The Reds were more vibrant, dangerous and energetic from the first whistle and moments of discomfort when they were not in control were few and far between.

The imperious Van Dijk ruled at the back, Liverpool were dominant in midfield and the pace of Sadio Mane and the guile of Firmino were simply too much for Spurs.

Sloppy Spurs suffer in the sun

Spurs looked like they had recorded a landmark win when they went to Manchester United and came away with a convincing 3-0 victory.

It looked like the sort of statement manager Mauricio Pochettino had been seeking – but how the tables have turned since that night at Old Trafford.

Spurs conceded a lead to lose at Watford and to be brutal they were a very serious second best to Liverpool at Wembley.

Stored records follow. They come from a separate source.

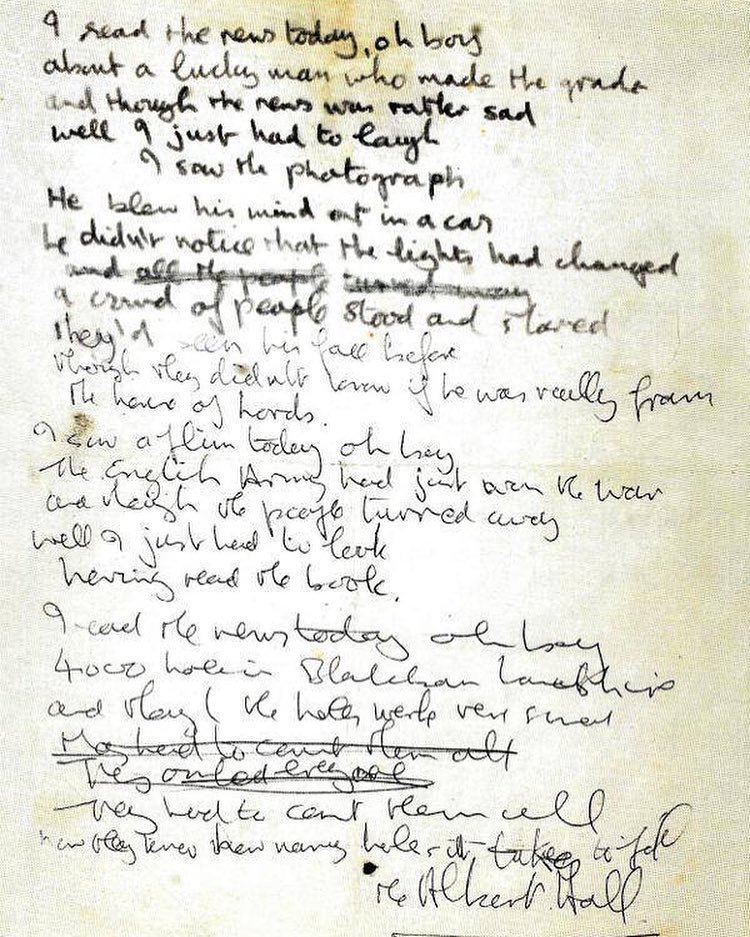 John Lennon’s original lyrics for ‘A Day in the Life,’ 1967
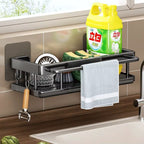 Kitchen Sponge Holder with Water Tray, 2 Tier Sink Caddy Organizer, Sink Box Dish Scrubber Holder, Soap Tray for Kitchen Counter Accessories & Storage Home Wall-mounted Sink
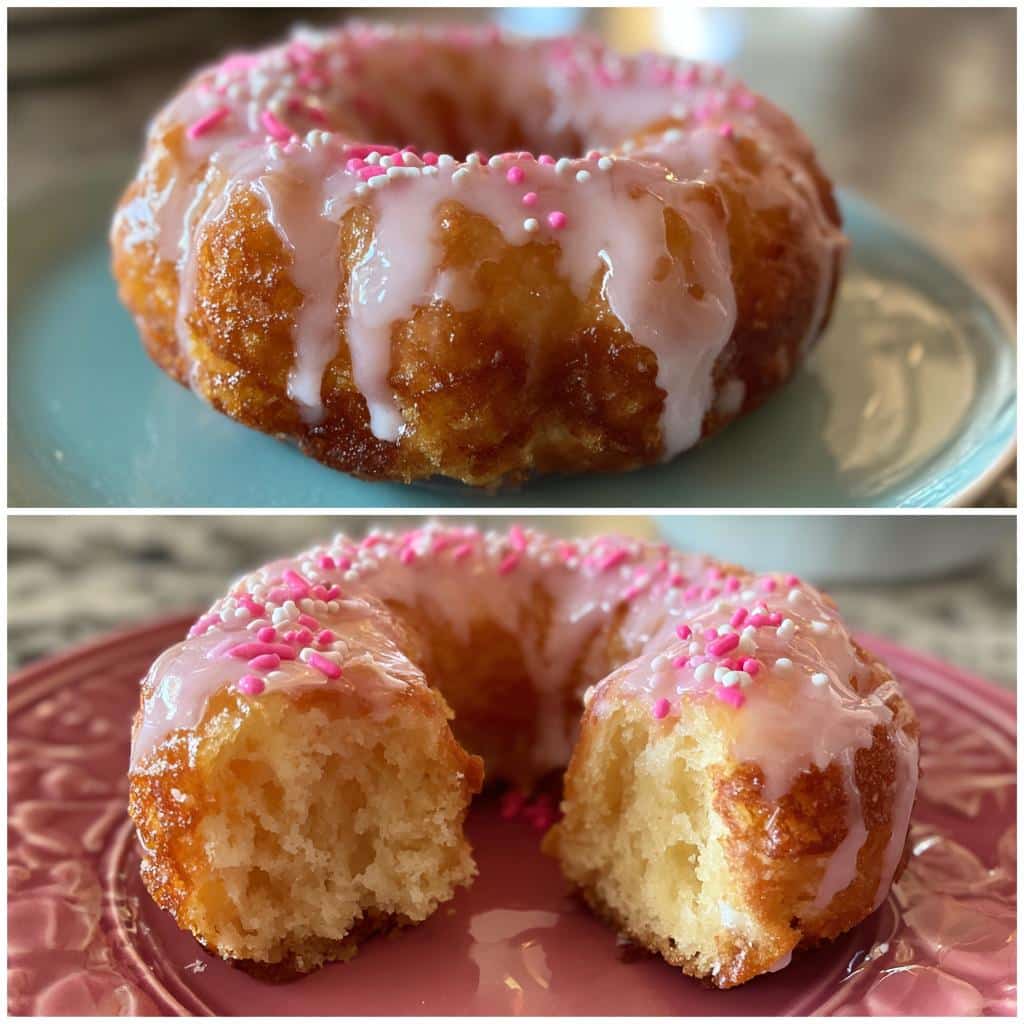 Two air fryer heart donuts, one whole and one sliced, with pink glaze and sprinkles.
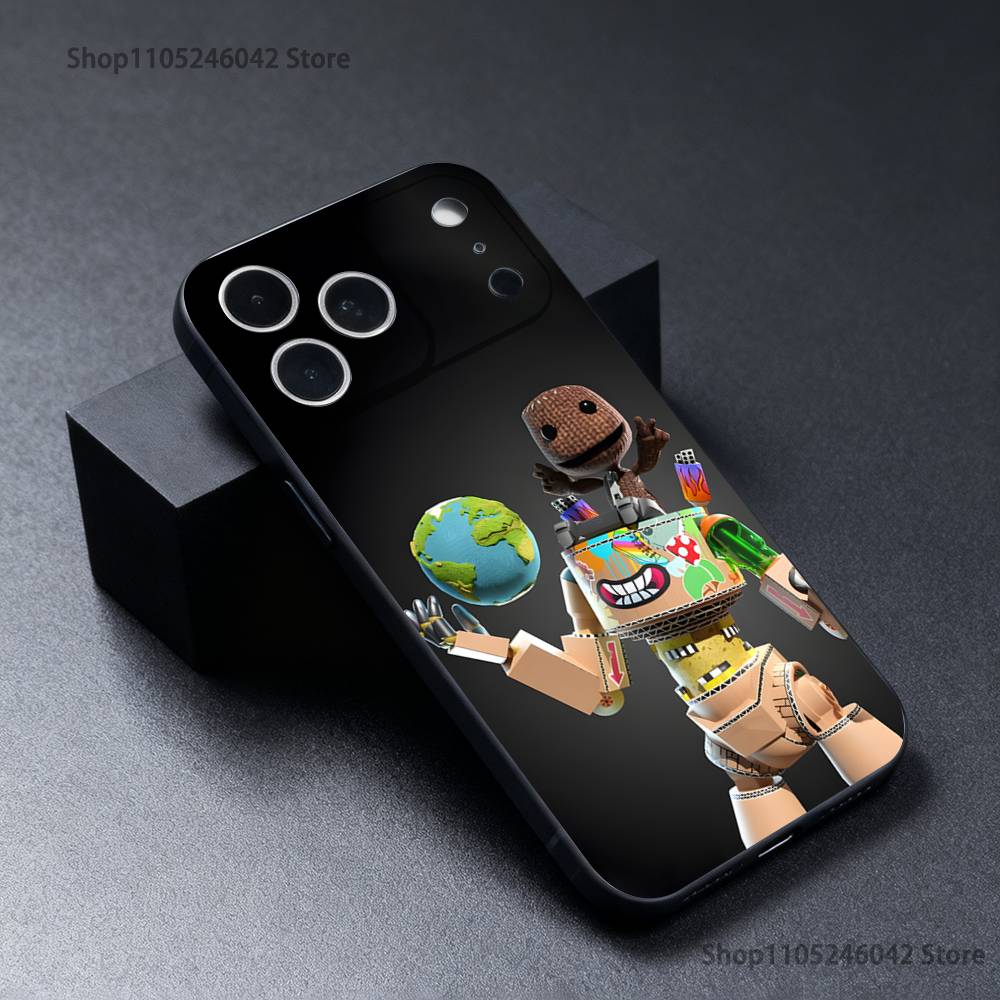 L-LBP S-Sackboy Custom Wear-resistant Phone Case For iPhone 17,16,15,14,13,12,11,Pro,Max,Plus Black Soft Cover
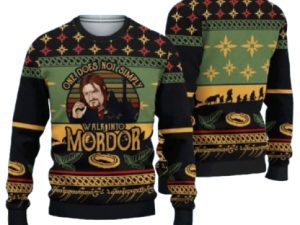 One Does Not Simply Walk Into Mordor Lord Of The Rings Ugly Christmas Sweater - Image 1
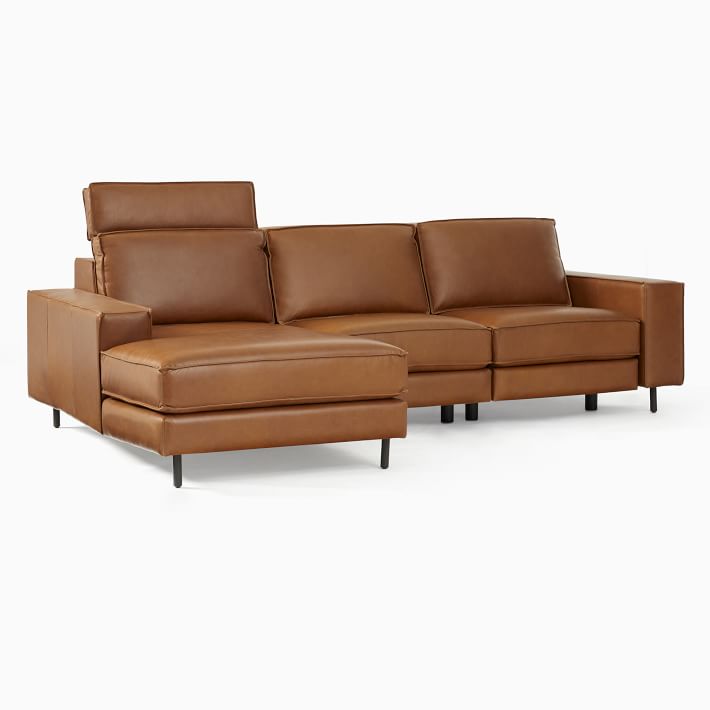 Axel Motion Reclining Leather 3-Piece Reclining Chaise Sectional (108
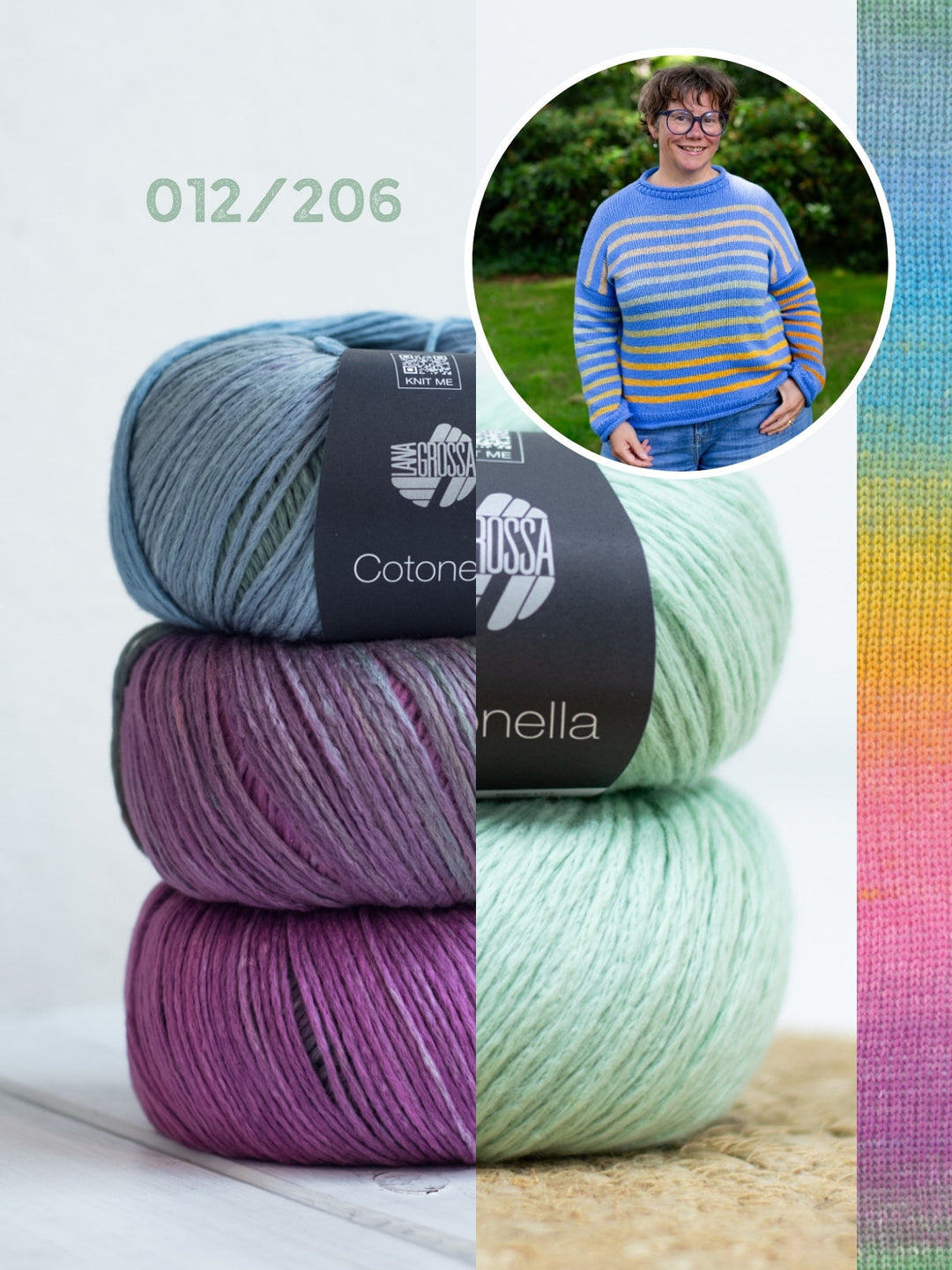 Strickpaket Cotonella Streifenpullover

Pochettino was without injured goalkeeper Hugo Lloris, particularly expensive given Michel Vorm’s uncertainty, and Dele Alli – but so many aspects of this performance will have disappointed the demanding Spurs manager.

Spurs looked exhausted and off the pace almost from the first whistle, second to everything, and to see his side look so leg-weary and drained so early in the season will concern Pochettino.

Of course it is early days and far too soon to be raising serious questions about Spurs but the manner in which they were so completely outmanoeuvred by a team they will rightly regard as close rivals was ominous at times.

It could be that Spurs are suffering a hangover from the World Cup as seven of their starting line-up were involved until the semi-final stage.

And, of course, it may have been a very bad off-day.

Pochettino will hope it is the latter after a day of suffering in the Wembley sun for Spurs.

Underrated Firmino exerts his influence

Liverpool’s attacking trio of Firmino, Mane and Mohamed Salah have had a devastating impact on the Premier League and Champions League after Klopp brought them together at the start of last season.

Their combination of pace, movement and firepower has wreaked havoc ever since in a manner which strikes fear into the heart of the best defences.

Salah was subdued again but Mane’s blistering pace was a constant danger and Firmino’s subtle touches and work-rate were a standout.

The Brazilian made a slightly slow start to the season but he has now contributed what proved to be the winning goals in successive away wins at Leicester City and now Spurs.

He has an impact in all areas of the pitch, whether it is scoring from virtually standing on the line to chasing back to near his own corner flag to help with defensive duties.

Firmino is a class all-rounder and it is easy to see why Klopp rates him so highly.